The problem is that the time complexity of your code is O(n^2). Your code iterates over all numbers in the list, and for each number arr.count() is called. The method arr.count() will have to iterate the full list again to count the number of times the item occurs. So if the list contains n numbers, this code will have to perform n * n operations.
This means that if the list will become 1000 times larger, it will take 1000000 times longer to solve. In coding problems like this, the test set usually contains at least one list that is so long that it will timeout when using such algorithm, but not when using a more optimized algorithm.
In this specific programming exercise, you know that each list contains only 2 unique numbers.

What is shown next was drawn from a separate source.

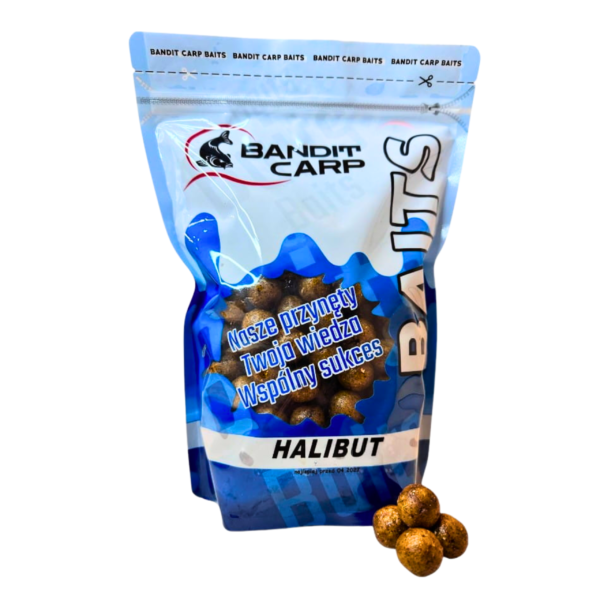 KULKI PROTEINOWE BANDIT BAITS 16mm HALIBUT 1KG - obrazek 2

One number occurs exactly 1 time, the other number occurs (n - 1) times.
You could use a set to find the 2 unique numbers in O(n) time and then iterate over only those 2 items instead of over all n items:
def find_uniq(arr):
for number in set(arr): # using set here!
if arr.count(number) == 1:
return number
The correctness and performance of this function can be tested with the following code:
# Verify code with example input:
find_uniq([ 1, 1, 1, 2, 1, 1 ]) == 2
find_uniq([ 0, 0, 0.55, 0, 0 ]) == 0.55
# Verify performance using a huge array (~1M elements):
huge_array = [1] * 1000000 + [2]
find_uniq(huge_array) == 2